DIRECTIONS FOR THIS TASK
Extract each line of the records below that contains the word "design".
LISTED RECORDS Start Marker
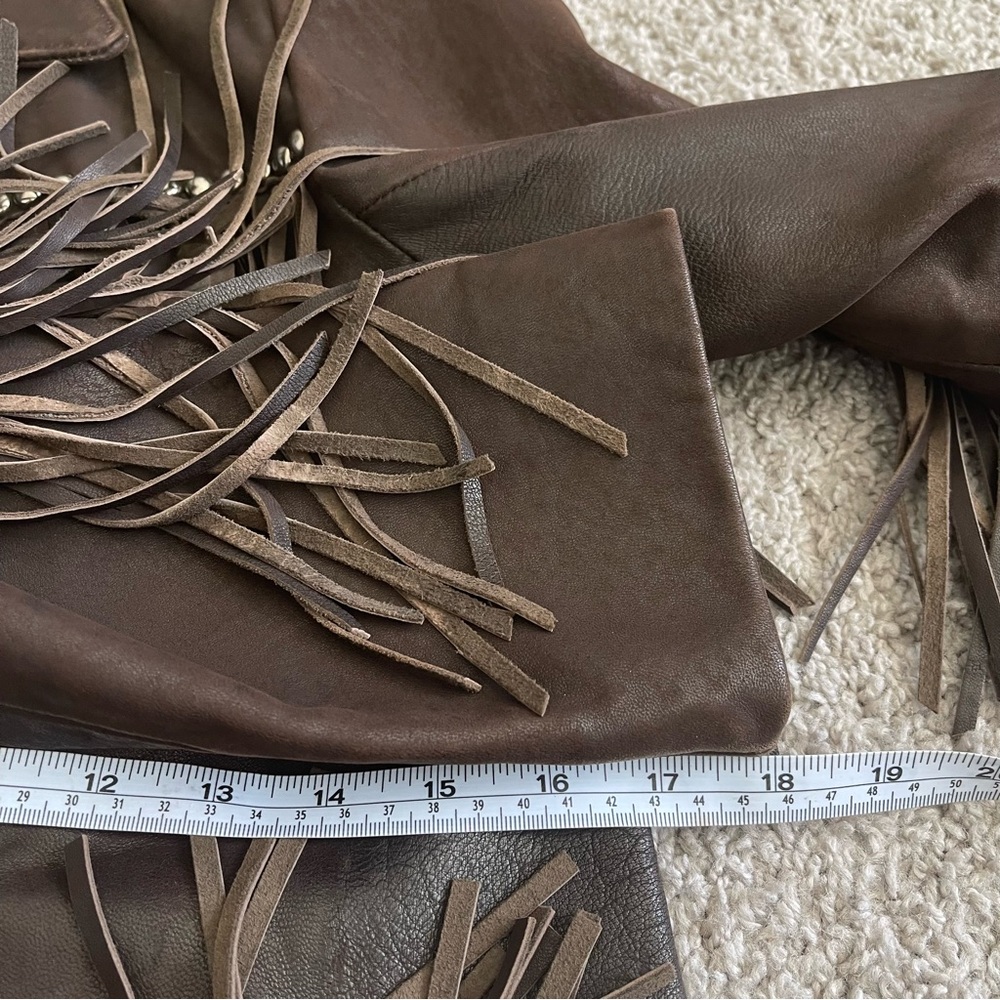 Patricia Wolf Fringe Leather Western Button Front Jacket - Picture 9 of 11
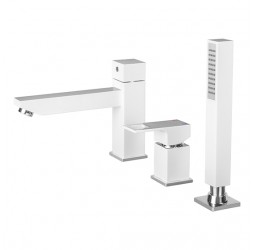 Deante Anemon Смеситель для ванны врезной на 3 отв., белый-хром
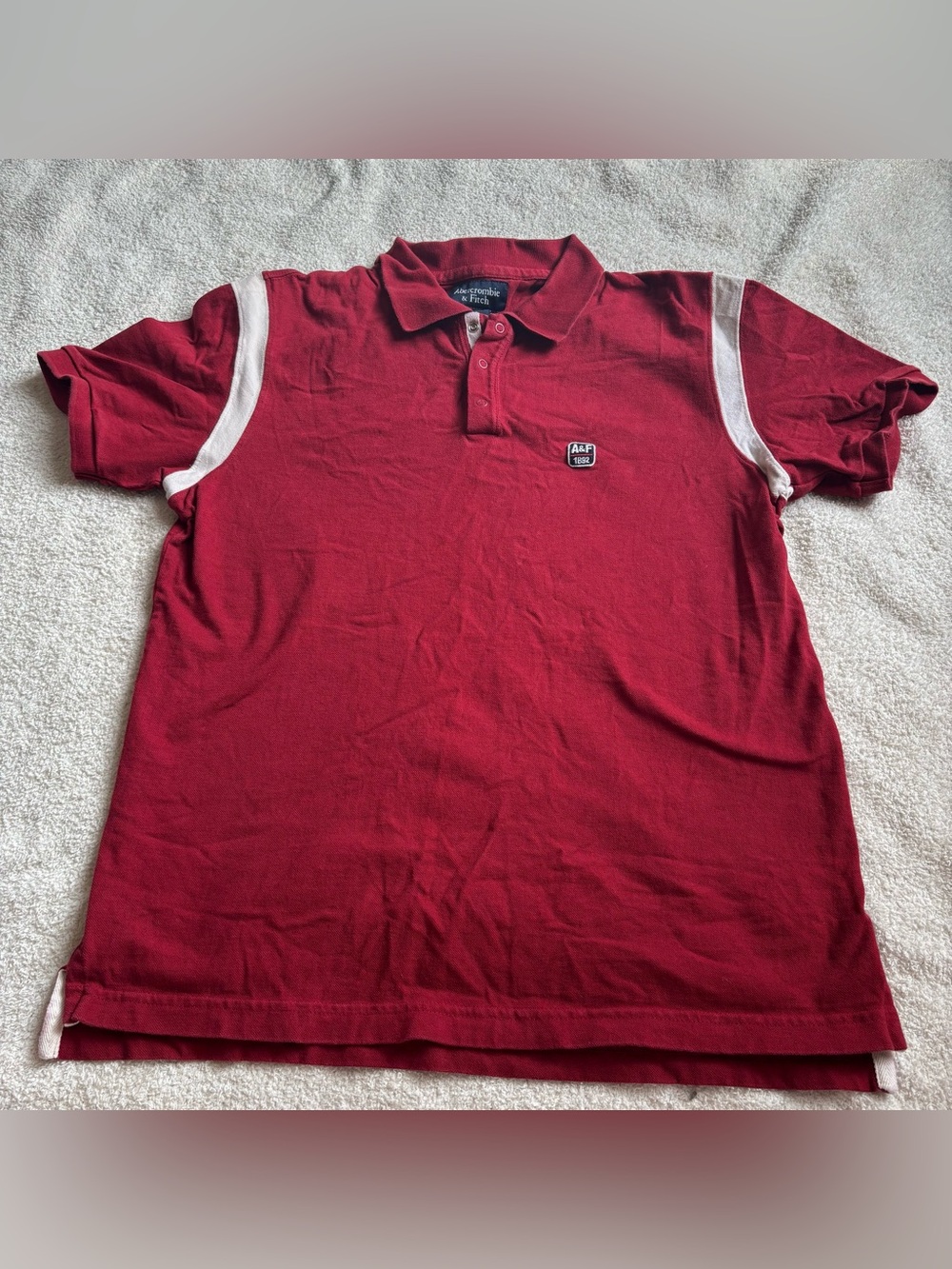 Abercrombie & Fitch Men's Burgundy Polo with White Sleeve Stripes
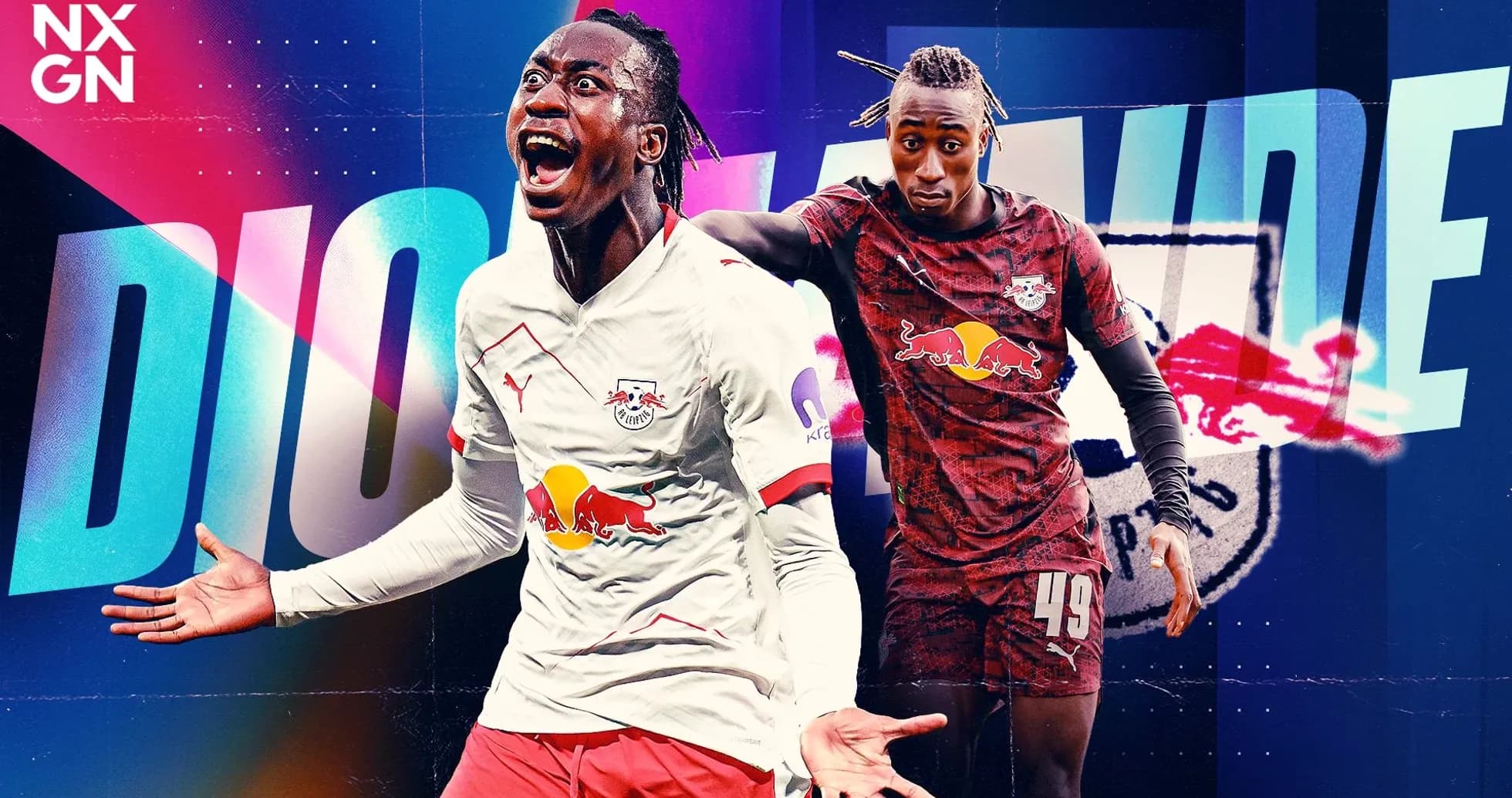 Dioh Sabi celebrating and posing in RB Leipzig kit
LISTED RECORDS End Marker
LISTED RECORDS Start Marker
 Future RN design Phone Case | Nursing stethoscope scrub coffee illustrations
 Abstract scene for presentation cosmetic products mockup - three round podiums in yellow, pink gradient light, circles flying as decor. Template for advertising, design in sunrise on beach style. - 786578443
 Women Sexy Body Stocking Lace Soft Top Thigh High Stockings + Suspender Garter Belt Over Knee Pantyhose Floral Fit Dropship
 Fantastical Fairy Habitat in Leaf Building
LISTED RECORDS End Marker
SOLUTION
 Future RN design Phone Case | Nursing stethoscope scrub coffee illustrations
 Abstract scene for presentation cosmetic products mockup - three round podiums in yellow, pink gradient light, circles flying as decor. Template for advertising, design in sunrise on beach style. - 786578443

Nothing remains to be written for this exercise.